Strikes in Great Britain attracted limited public support until the early 1900s, but the nationwide support for the Nine Hours Strike was notable. Nearly three months into the strike, the movement gained traction, receiving financial and material support from across Great Britain, even as British engineering companies attempted to curtail this backing. Matthew Dryden, a Tyneside songwriter, wrote "Perseveer" or "The Nine Oors Movement" (written in Geordie dialect words and sung to the tune of "Nelly Ray"), and staged concerts to raise funds for the strikers.

Faced with growing national support for the strike, company executives (led by Sir W.G. Armstrong, proprietor of Armstrong Whitworth) organized to call in strikebreakers from the edges of the British Isles, Belgium, and Germany to continue operations.
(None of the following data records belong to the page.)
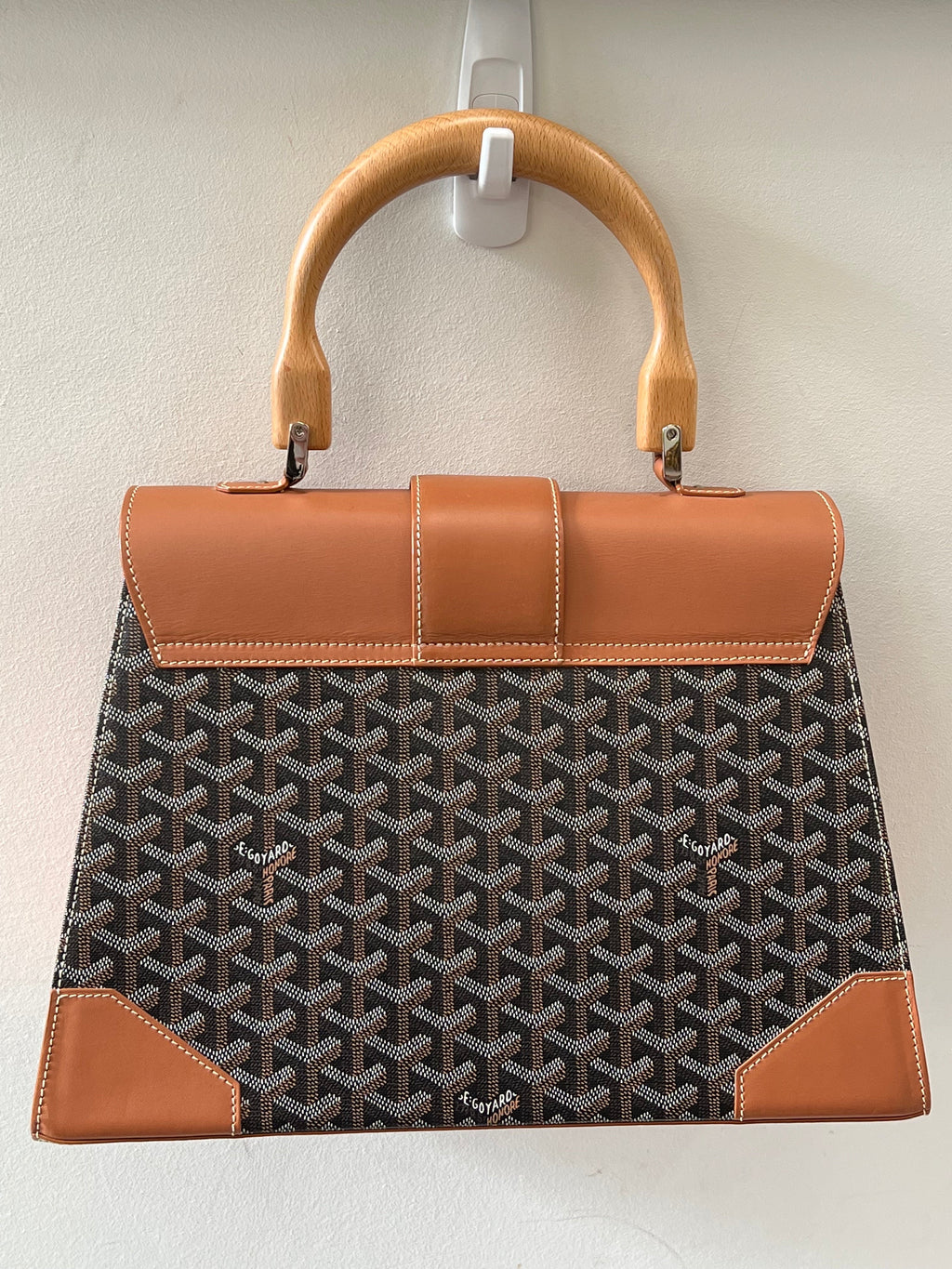 GOYARD SAIGON LEATHER TOP HANDLE HANDBAG MM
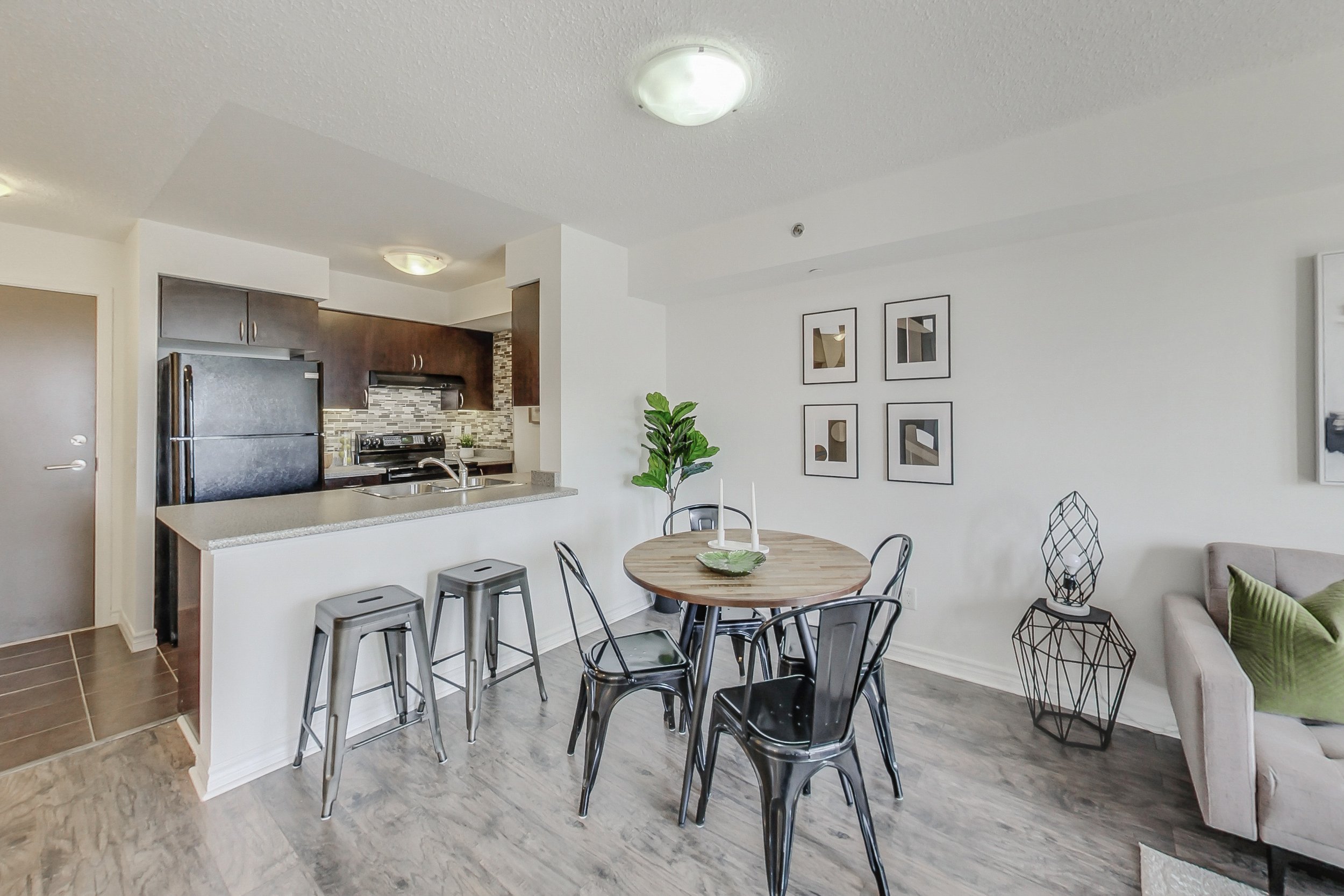 35 Saranac Blvd #1115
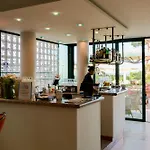 Ruhl Beach Hotel&Suites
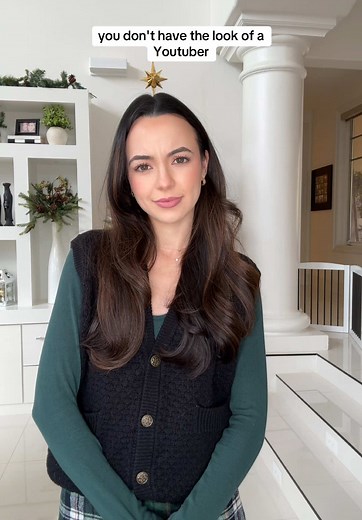 Identical Twins Sharing Their YouTube Journey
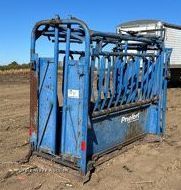 image for item DW2780 Priefert  livestock squeeze chute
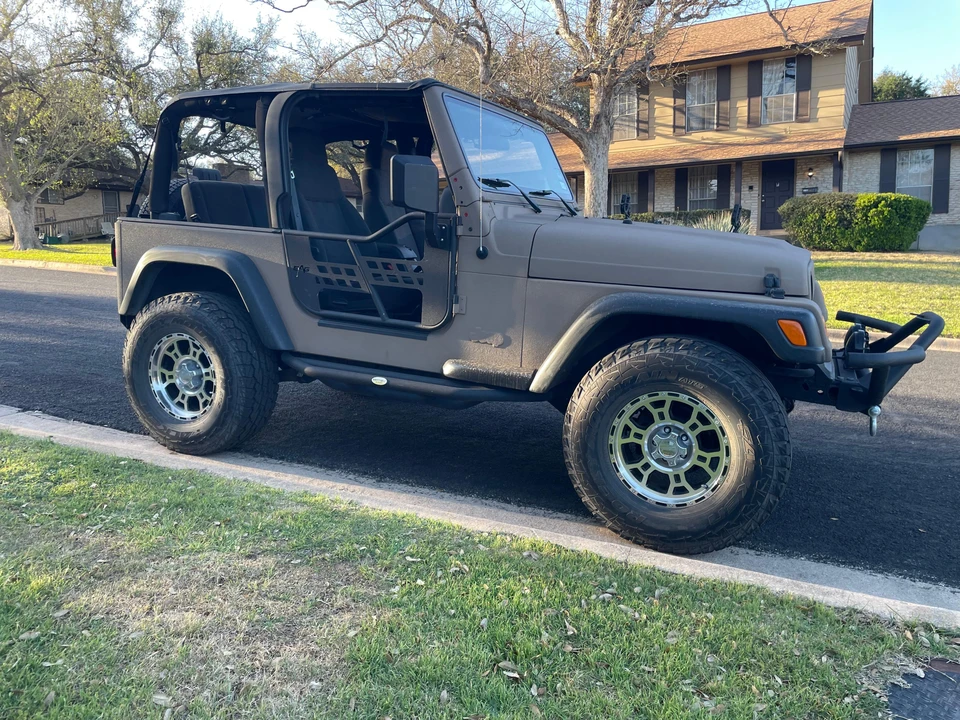 2005 Jeep TJ Wrangler - Image 21 of 31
These efforts were halted by a representative from the International Workingmen's Association, who persuaded the strikebreakers to return home.

=== Outcome ===
After the strike, engineering firms agreed to a shorter 54-hour work week consisting of six 9-hour days, later adjusted to five 9-and-a-half-hour days and a shorter 6-and-a-half-hour day on Saturday. The agreement was adjusted again to limit Saturdays to 5-and-a-half hours.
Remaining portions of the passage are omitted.